= C. A. J. Coady =

Australian philosopher

Cecil Anthony John Coady , more commonly publishing as C. A. J. Coady and less formally known as Tony Coady (born 18 April 1936), is a prominent Australian philosopher, working particularly in epistemology but also in political and applied philosophy. Coady's best-known work relates to the epistemological problems posed by testimony, as expounded in his book Testimony: a Philosophical Study (Oxford University Press, 1990). It was influential in establishing a new branch of inquiry within the field of epistemology. He is also well known for his publications on issues related to political violence. Coady is a regular commentator in the Australian media on philosophical aspects of public affairs.

==Education==

Coady first studied philosophy at the University of Sydney as a part-time evening student while working full-time as a journalist. After gaining his B.A in 1962, he secured a scholarship to the University of Melbourne, leaving professional journalism behind, and was awarded Master of Arts with First Class Honours in Philosophy in 1963. Also in 1963 he received the Daniel Mannix Scholarship to travel to Oxford University where he gained the B. Phil. in philosophy (second place in the year) in 1965. In 1973, he was awarded a Master of Arts by the University of Cambridge.

== Academic career==

Coady’s first full-time academic appointment was as lecturer in philosophy at Corpus Christi College, Oxford in 1965-66. At the end of this appointment, he declined an offer of a lectureship at Birkbeck College, University of London in 1966 to take up a Lectureship in philosophy at the University of Melbourne. He was appointed reader in philosophy at Melbourne University in 1977 and Boyce Gibson Professor there from 1990 to 1998, after which he served at Melbourne as Australian Research Council Senior Research Fellow and professorial fellow. He is now professor emeritus in philosophy at the University of Melbourne and also honorary fellow in the Institute of Philosophy at the Australian Catholic University.

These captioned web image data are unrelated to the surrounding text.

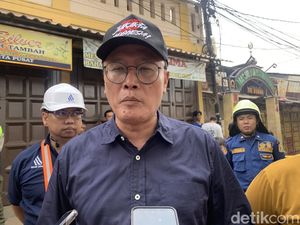 Pipa PAM di Petamburan Bocor, Walkot Jakpus Pastikan Stok Air Warga Aman Pipa PAM di Petamburan Bocor, Walkot Jakpus Pastikan Stok Air Warga Aman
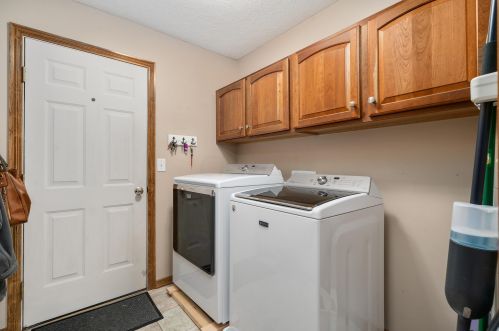 7440 Old Riv Dr, Blacklick OH  43004-7126 exterior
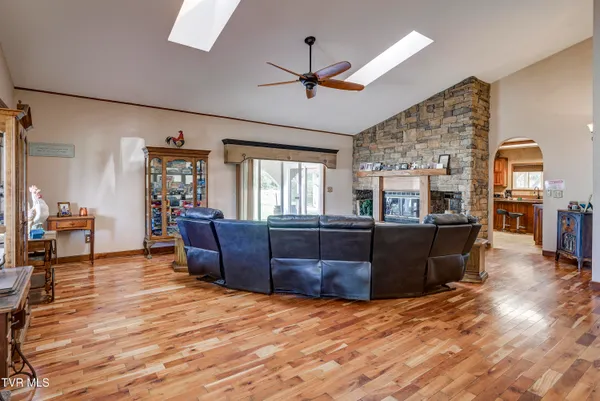 $685,000 | 8845 Highway 107 Cutoff, Greeneville, TN 37743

In 1990 he was founding director (with Charles Sampford as Deputy) of the University of Melbourne’s PhilosophyCentre for Philosophy and Public Issues (CPPI), the first Centre in Australia to be concerned with broad issues of philosophy and public affairs. (The Centre for Human Bio-ethics at Monash University established earlier had had a somewhat similar orientation but a narrower focus.) The CPPI was later incorporated into the ARC Special Research Centre for Applied Philosophy and Public Ethics (CAPPE) established in 2000 with Coady as deputy director of CAPPE and director of the University of Melbourne division. He has held visiting positions at many universities and research institutions world-wide, including colleges in Oxford and Cambridge, The University Center for Human Values at Princeton University, The Institute for Peace in Washington, D.C., and The Rockefeller Centre in Bellagio, Italy.

== Honours==

- Elected Fellow of the Australian Academy of the Humanities (1994)
- Awarded Centenary of Federation Medal (2001)
- Elected Fellow of the Australian Academy of Social Sciences (2001)
- Uehiro Lectures in Practical Ethics, Oxford University (2005)
- Leverhulme Lectures, Oxford University (2012)
- Awarded the T. G. Tucker Medal for outstanding achievements, excellence in scholarship, and academic contribution to the University of Melbourne and its Arts Faculty in 2015.

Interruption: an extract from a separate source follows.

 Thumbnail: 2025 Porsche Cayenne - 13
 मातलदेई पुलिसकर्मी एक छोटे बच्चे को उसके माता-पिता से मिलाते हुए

== Selected publications==
===Books===

- Testimony: A Philosophical Study, Oxford University Press, New York, (1992).
- Morality and Political Violence, Cambridge University Press, New York, (2007).
- Messy Morality: The Challenge of Politics, Oxford University Press, New York, (2009).
- The Meaning of Terrorism, Oxford University Press, New York, (2021).

===Edited collections===
- Why Universities Matter: A Conversation about Values, Means and Directions, Allen and Unwin, Melbourne, (2000).
- The Ethics of Human Enhancement: Understanding the Debate, (co-edited with S. Clarke, A. Giublini, S. Sanyal, and J. Savulescu), Oxford University Press, Oxford, (2016).
- Challenges for Humanitarian Intervention: Ethical Demand & Political Reality (co-edited with Ned Dobos and Sagar Sanyal), Oxford University Press, Oxford, (2018).